Em primeiro lugar, no Relatório de Avaliação de Receitas e Despesas Primárias do quarto trimestre do ano, o governo fez uma surpreendente reavaliação da dotação orçamentária destinada às despesas com servidores da União, reduzindo-a em R$ 5,8 bilhões, sob a alegação de anterior superestimação na LDO e no relatório do terceiro trimestre. Além da estranheza com a dimensão do erro – muito superior a ajustes orçamentários do tipo que ocorreram em anos anteriores – a justificativa governamental de que a alteração se devia à não ocorrência de reajustes dos servidores no montante que se esperava também pareceu pouco convincente, afinal esse tipo de situação se repete todos os anos e nem por isso as divergências alcançam a casa dos R$ 5 bilhões.

Em segundo lugar, talvez por conta do novo patamar de gastos com servidores da União (sem os tais R$ 5,8 bilhões) o ministro Paulo Guedes veio à imprensa para informar que irá se reunir com os presidentes da Câmara e do Senado com o intuito de alterar a proposta orçamentária recém-encaminhada ao Congresso, uma vez que nos cálculos do ministério da Economia também em 2020 serão menores as despesas com servidores.
Por fim, em outra frente, por conta de uma investigação realizada por professores da Unicamp e técnicos especializados em cálculos previdenciários, veio a público a informação de que aparentemente há uma série de erros nas contas realizadas pela equipe do ministério da Economia que subsidiaram a Proposta de Emenda Constitucional (PEC) da reforma da Previdência.

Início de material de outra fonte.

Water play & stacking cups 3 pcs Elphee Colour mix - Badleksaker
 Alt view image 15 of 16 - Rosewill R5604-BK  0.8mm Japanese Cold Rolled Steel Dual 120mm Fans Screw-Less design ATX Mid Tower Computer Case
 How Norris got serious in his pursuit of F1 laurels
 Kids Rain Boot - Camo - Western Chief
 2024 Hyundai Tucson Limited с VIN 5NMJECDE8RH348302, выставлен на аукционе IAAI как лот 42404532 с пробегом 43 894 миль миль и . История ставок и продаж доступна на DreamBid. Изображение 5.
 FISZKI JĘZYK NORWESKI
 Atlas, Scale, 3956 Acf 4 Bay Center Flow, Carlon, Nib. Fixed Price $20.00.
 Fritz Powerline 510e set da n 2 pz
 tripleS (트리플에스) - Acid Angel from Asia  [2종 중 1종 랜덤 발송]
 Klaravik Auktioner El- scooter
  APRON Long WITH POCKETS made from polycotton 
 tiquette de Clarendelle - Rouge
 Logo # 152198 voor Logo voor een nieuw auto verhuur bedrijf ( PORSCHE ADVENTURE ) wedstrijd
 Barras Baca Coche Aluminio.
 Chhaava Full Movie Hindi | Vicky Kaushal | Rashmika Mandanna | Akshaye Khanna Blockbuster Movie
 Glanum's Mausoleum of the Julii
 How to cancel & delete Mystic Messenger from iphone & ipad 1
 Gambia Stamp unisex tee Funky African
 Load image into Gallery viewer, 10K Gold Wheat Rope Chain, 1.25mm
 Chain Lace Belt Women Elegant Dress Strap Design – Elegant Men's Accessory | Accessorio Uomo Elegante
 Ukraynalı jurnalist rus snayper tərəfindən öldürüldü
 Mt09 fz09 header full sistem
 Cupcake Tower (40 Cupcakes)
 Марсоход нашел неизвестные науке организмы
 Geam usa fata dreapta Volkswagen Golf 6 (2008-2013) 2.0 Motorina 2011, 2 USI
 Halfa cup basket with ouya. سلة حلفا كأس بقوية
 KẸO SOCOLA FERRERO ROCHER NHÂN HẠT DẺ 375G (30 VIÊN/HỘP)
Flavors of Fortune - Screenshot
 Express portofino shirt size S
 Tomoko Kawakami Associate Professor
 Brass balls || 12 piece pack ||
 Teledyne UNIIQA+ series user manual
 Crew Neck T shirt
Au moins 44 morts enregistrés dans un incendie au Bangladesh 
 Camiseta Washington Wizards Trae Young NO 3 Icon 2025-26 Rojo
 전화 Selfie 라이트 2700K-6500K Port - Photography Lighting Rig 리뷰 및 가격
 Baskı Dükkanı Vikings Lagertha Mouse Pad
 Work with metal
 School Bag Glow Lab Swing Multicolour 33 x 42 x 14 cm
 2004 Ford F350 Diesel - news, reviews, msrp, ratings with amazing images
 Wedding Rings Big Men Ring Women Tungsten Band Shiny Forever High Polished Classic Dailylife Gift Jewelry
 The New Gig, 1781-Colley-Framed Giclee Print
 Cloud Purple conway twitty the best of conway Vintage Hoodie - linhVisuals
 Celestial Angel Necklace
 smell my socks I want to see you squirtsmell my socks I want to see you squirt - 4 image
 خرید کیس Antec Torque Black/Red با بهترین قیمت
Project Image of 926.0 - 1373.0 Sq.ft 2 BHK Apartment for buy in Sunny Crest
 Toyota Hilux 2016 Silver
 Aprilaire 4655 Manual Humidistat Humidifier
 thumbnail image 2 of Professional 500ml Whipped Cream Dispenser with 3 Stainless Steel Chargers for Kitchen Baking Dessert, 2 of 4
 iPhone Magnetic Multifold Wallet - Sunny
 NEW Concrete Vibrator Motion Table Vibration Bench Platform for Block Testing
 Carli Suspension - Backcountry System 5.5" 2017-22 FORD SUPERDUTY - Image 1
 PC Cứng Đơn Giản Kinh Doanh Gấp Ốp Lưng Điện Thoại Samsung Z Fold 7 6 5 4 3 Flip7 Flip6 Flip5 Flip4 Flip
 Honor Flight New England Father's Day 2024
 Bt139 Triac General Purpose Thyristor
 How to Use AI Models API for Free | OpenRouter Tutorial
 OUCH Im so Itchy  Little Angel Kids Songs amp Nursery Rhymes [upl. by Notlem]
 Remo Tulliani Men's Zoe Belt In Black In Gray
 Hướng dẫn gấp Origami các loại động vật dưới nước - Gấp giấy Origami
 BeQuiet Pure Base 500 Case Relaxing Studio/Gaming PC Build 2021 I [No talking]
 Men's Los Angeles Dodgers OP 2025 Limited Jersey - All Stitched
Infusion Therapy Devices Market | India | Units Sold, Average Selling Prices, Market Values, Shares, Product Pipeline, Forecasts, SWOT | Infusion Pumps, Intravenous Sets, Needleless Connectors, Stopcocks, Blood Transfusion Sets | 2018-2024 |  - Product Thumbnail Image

Como os erros apontavam sempre no sentido de superestimar as despesas do sistema e subestimar as receitas, não seria de todo estranho supor que houve uma deliberada iniciativa dos técnicos do governo para amplificar o déficit e assim justificar ajustes mais severos no sistema previdenciário que resultará da PEC que tramita no Congresso.

Com tudo isto somado – como, inclusive, alguns especialistas em contas públicas têm alertado na imprensa – fica a impressão de que a ideologia ultraliberal que predomina na atual gestão tem levado o governo a manipular as análises oficiais das contas públicas com a intenção de projetar um quadro artificial de crise fiscal e assim, conseguir respaldo da sociedade, para continuar cortando despesas e reduzindo o tamanho do Estado.